■ **Exercise goal**
Set down a true copy of the data, with all pictures left out.

■ **Given information**

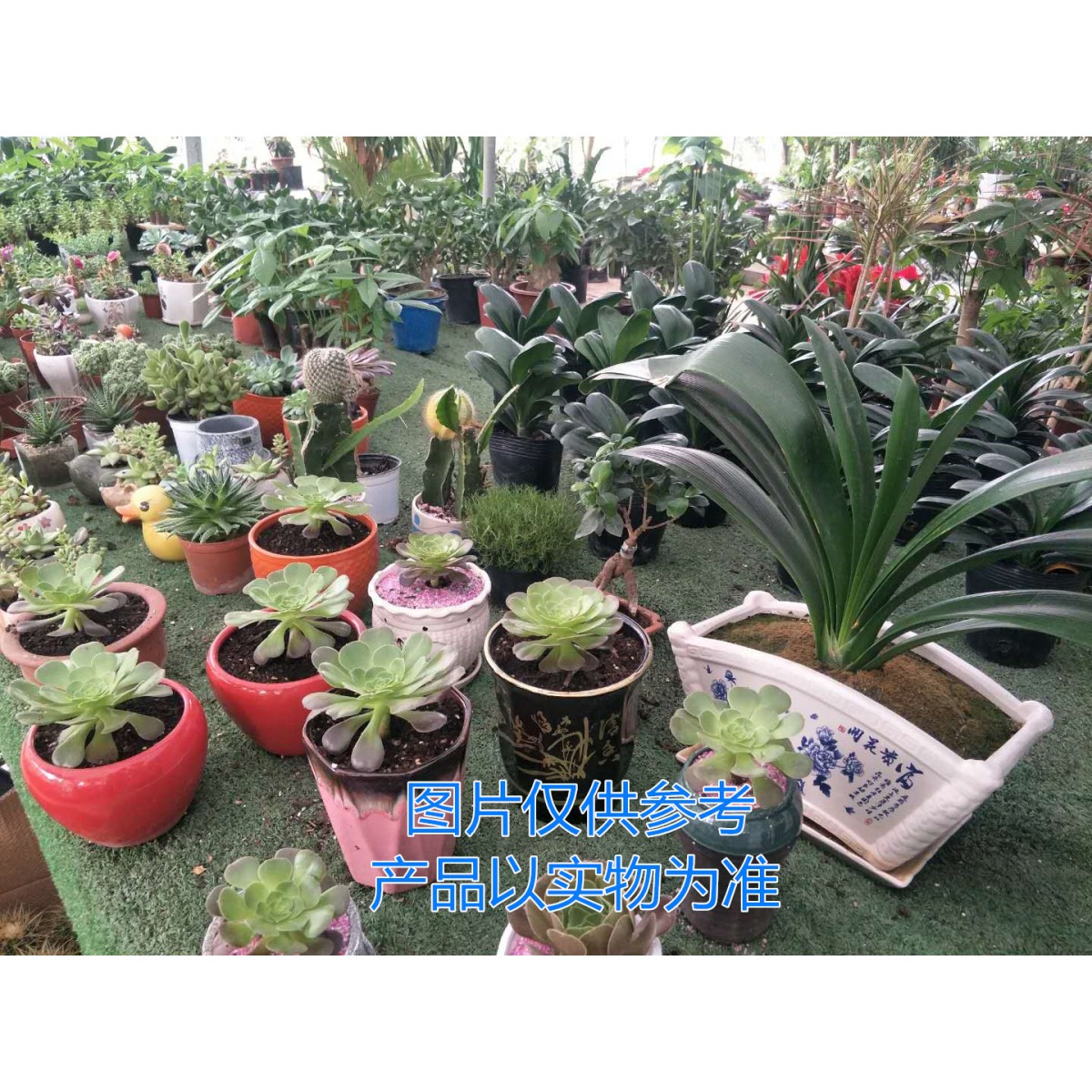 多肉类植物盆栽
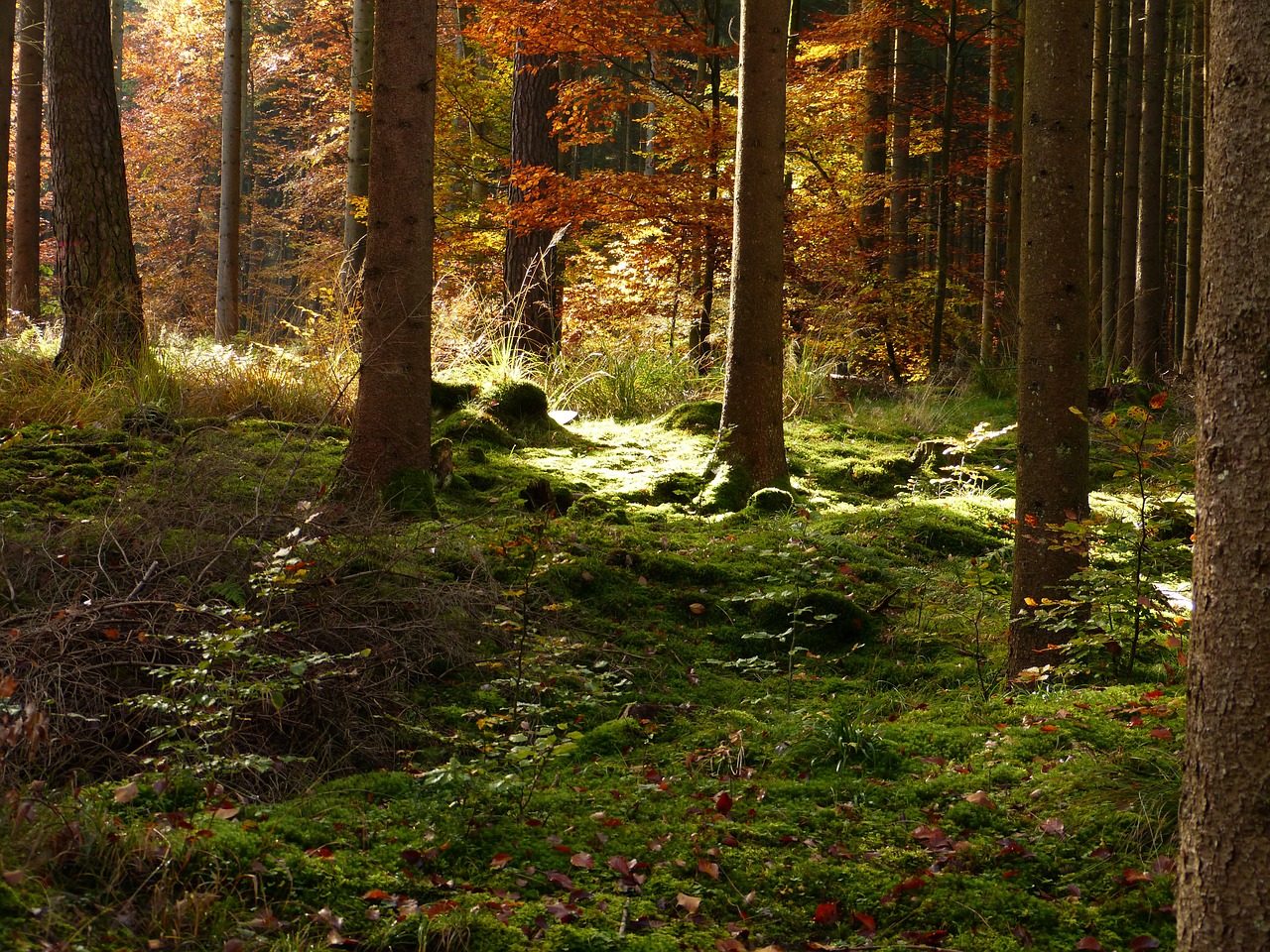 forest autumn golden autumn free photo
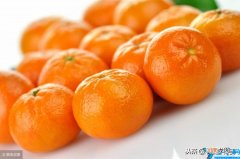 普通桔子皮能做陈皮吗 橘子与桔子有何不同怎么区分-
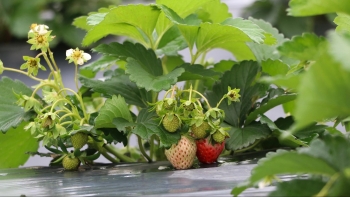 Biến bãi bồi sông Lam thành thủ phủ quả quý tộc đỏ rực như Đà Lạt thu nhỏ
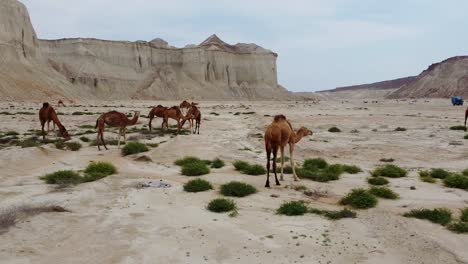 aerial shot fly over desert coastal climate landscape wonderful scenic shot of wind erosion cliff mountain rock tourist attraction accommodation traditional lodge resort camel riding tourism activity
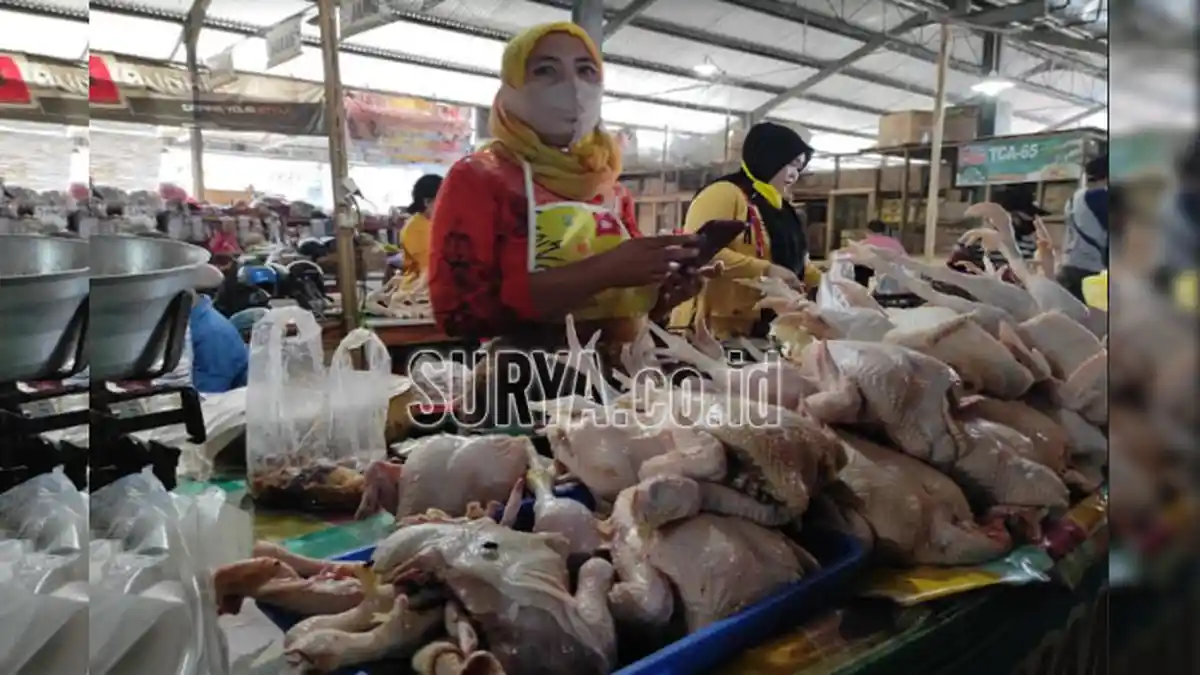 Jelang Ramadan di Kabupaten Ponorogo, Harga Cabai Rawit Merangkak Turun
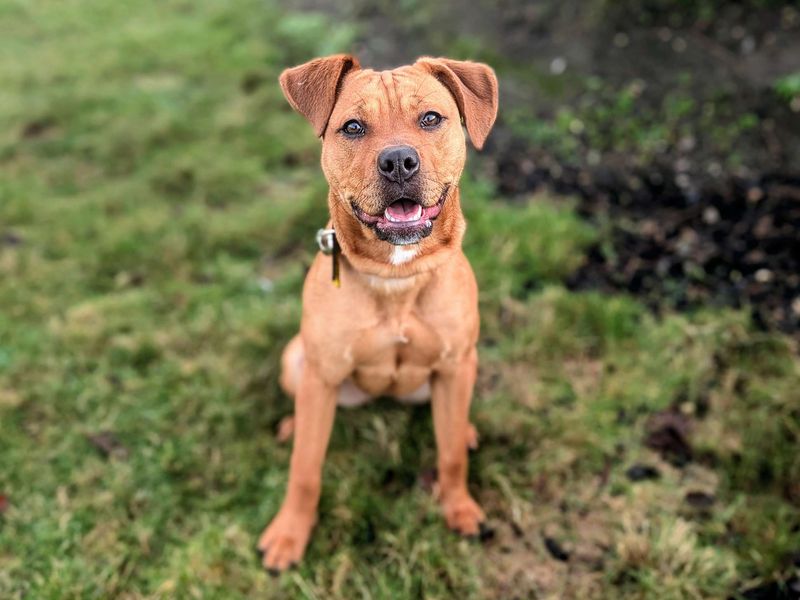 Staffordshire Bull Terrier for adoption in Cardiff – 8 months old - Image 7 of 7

■ **Output of the task**
 多肉类植物盆栽
 forest autumn golden autumn free photo
 普通桔子皮能做陈皮吗 橘子与桔子有何不同怎么区分-
 Biến bãi bồi sông Lam thành thủ phủ quả quý tộc đỏ rực như Đà Lạt thu nhỏ
 aerial shot fly over desert coastal climate landscape wonderful scenic shot of wind erosion cliff mountain rock tourist attraction accommodation traditional lodge resort camel riding tourism activity
 Jelang Ramadan di Kabupaten Ponorogo, Harga Cabai Rawit Merangkak Turun
 Staffordshire Bull Terrier for adoption in Cardiff – 8 months old - Image 7 of 7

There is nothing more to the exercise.